* [THE TASK]
All of the data is to be written out again exactly, without the pictures.

Image-caption web data

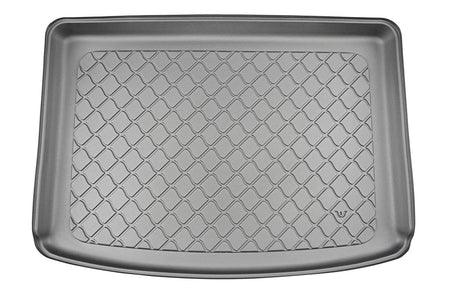 Tapis de coffre BYD Atto 2 EV, carrosserie suv, fabrication 02.2025 - présent, coffre supérieur, plancher variable en la position la plus haute | 194464GRD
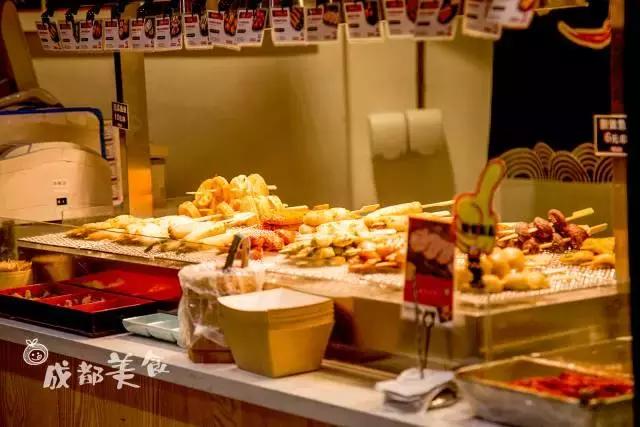 春熙路十大特色美食,春熙路隐藏的美食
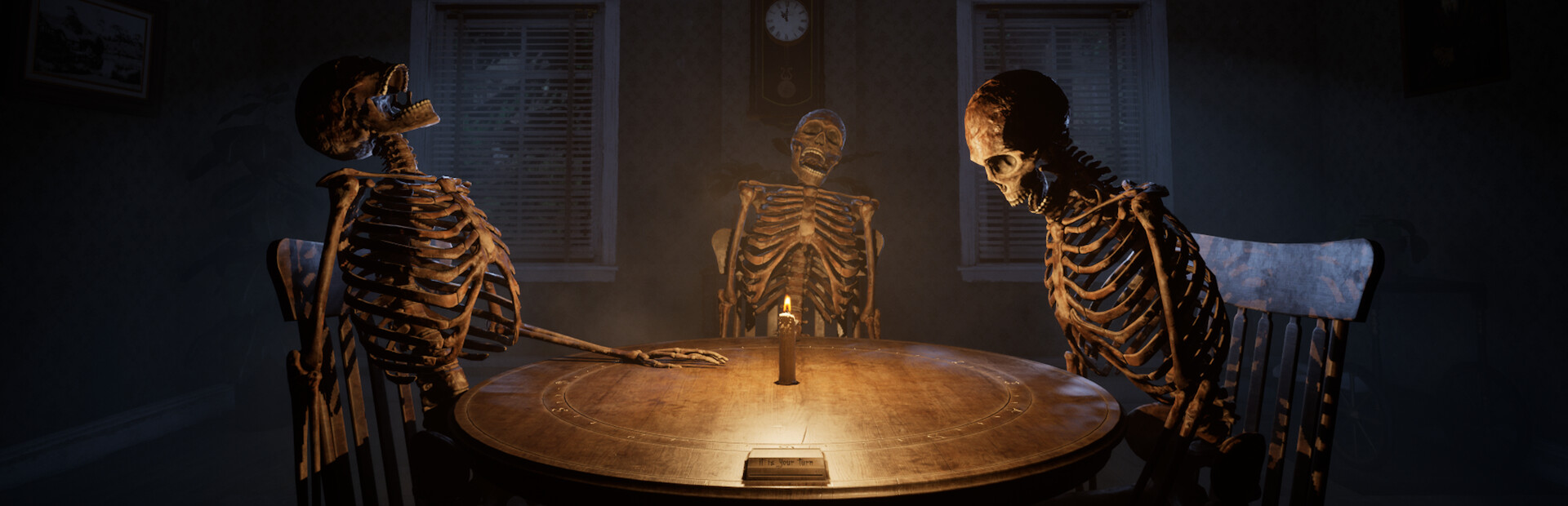 the cabin game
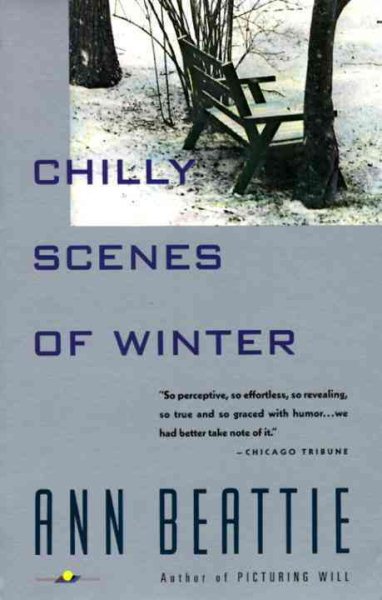Chilly Scenes of Winter cover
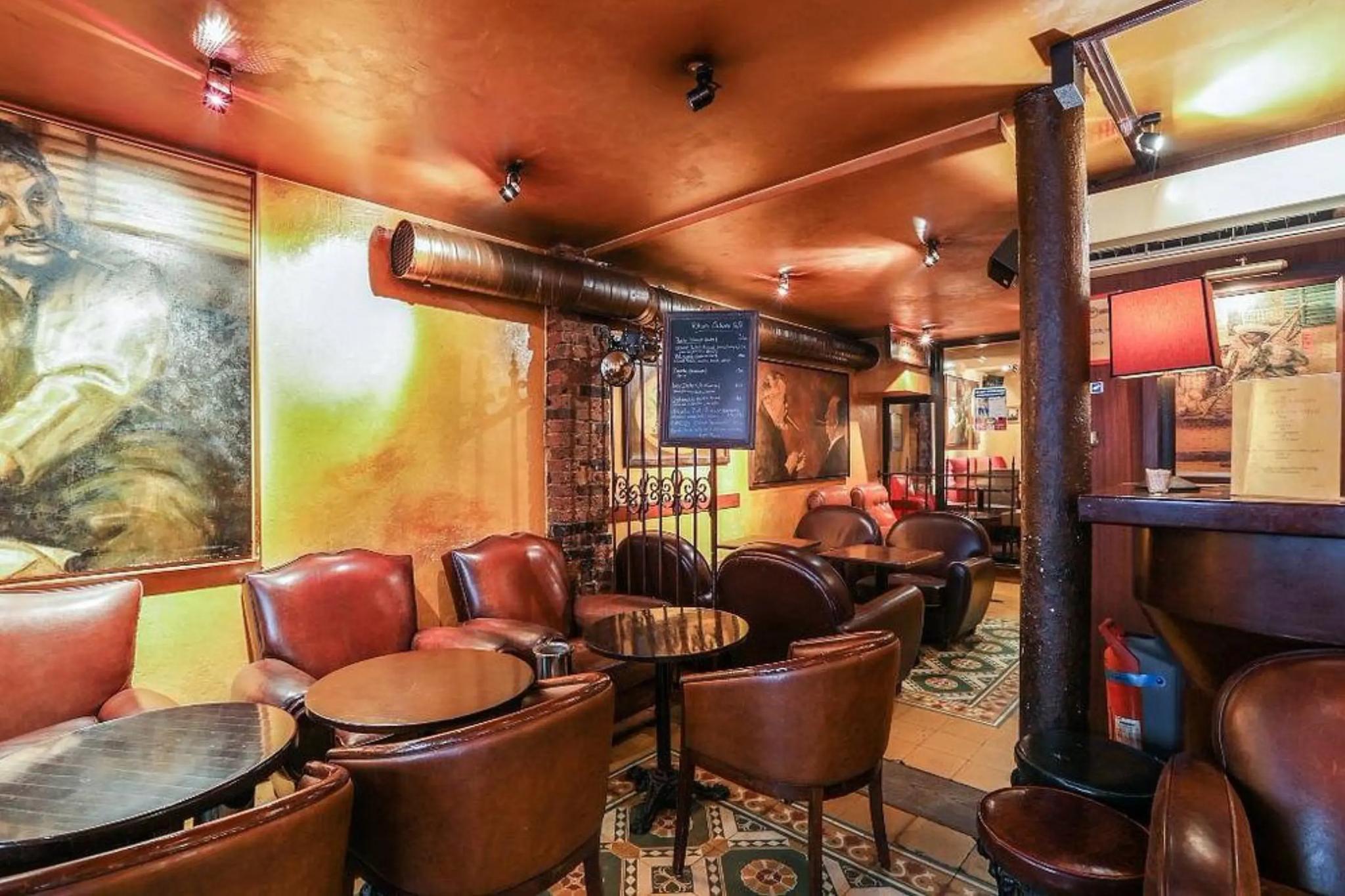 Cubana Café - Paris (Paris)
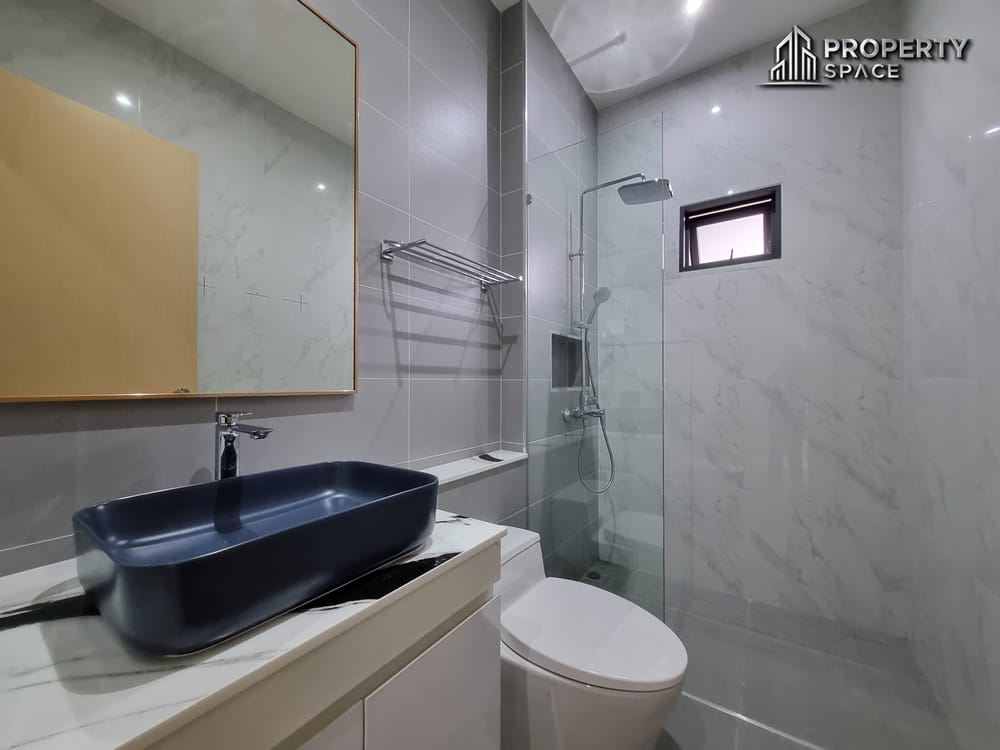  Modern Luxury 4 Bedroom Pool Villa For Investment In Thappraya For Sale Image 24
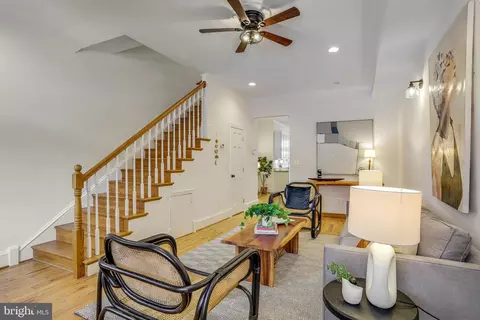 Living - 343 11th St SE, Washington, DC 20003 photo 3 of 3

* [THE COMPLETED TASK]
 Tapis de coffre BYD Atto 2 EV, carrosserie suv, fabrication 02.2025 - présent, coffre supérieur, plancher variable en la position la plus haute | 194464GRD
 春熙路十大特色美食,春熙路隐藏的美食
 the cabin game
Chilly Scenes of Winter cover
 Cubana Café - Paris (Paris)
  Modern Luxury 4 Bedroom Pool Villa For Investment In Thappraya For Sale Image 24
 Living - 343 11th St SE, Washington, DC 20003 photo 3 of 3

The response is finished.